═════ INPUT RECORDS ═════
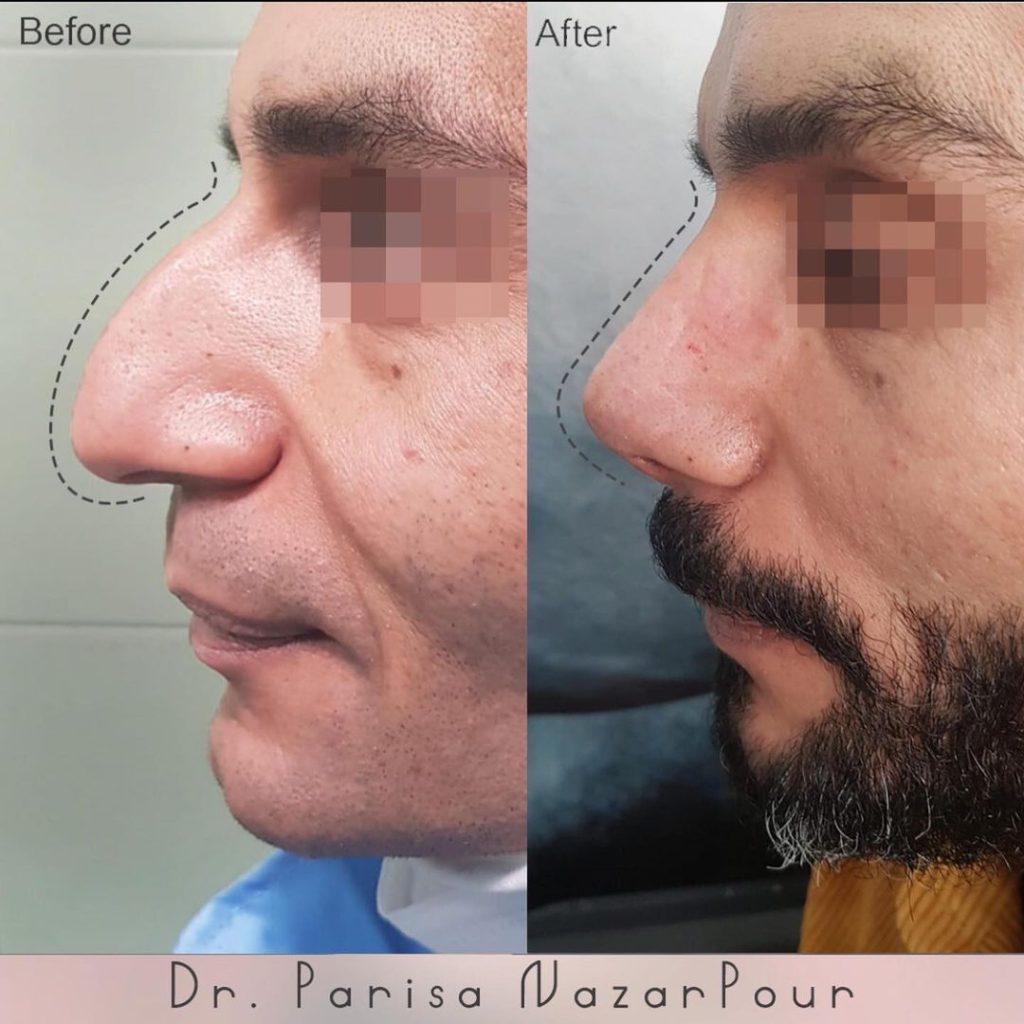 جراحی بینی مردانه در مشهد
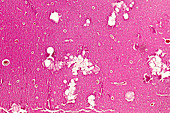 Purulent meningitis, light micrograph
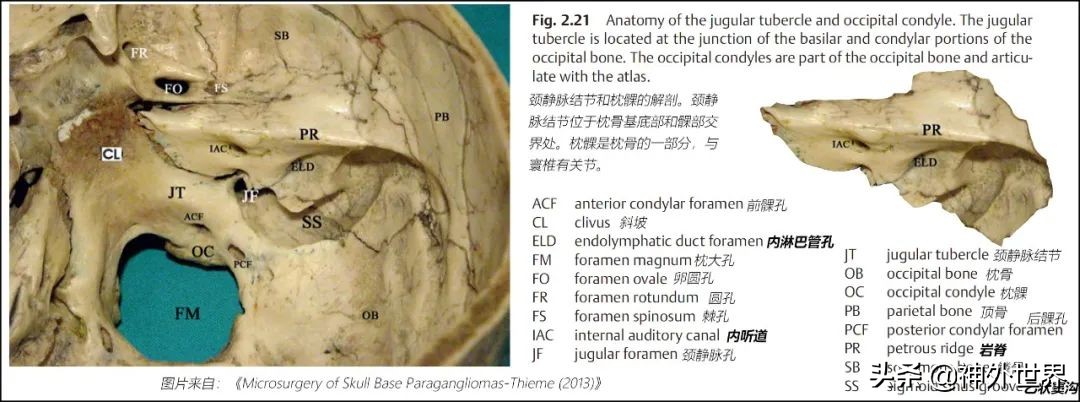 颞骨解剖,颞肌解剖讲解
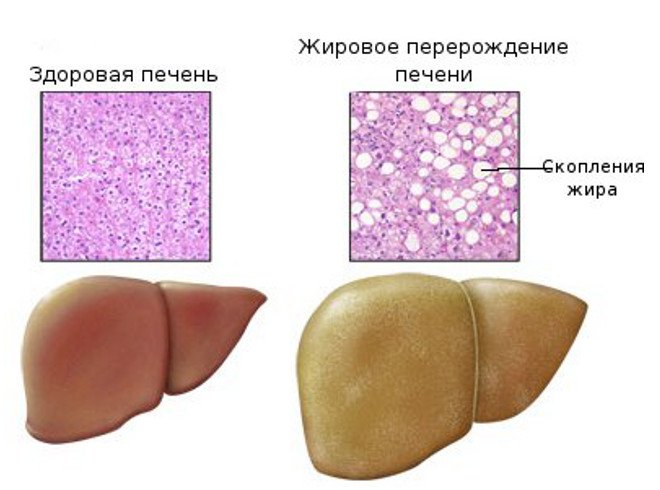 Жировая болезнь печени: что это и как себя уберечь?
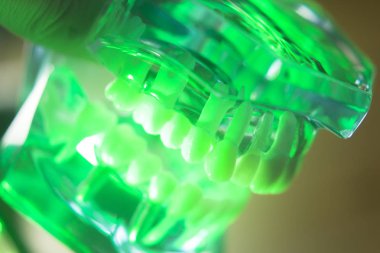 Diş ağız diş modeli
═════
> _ASSIGNMENT_: Above are the records; give them all again exactly, apart from the pictures.

> _YOUR SOLUTION_:
 جراحی بینی مردانه در مشهد
 Purulent meningitis, light micrograph
 颞骨解剖,颞肌解剖讲解
 Жировая болезнь печени: что это и как себя уберечь?
 Diş ağız diş modeli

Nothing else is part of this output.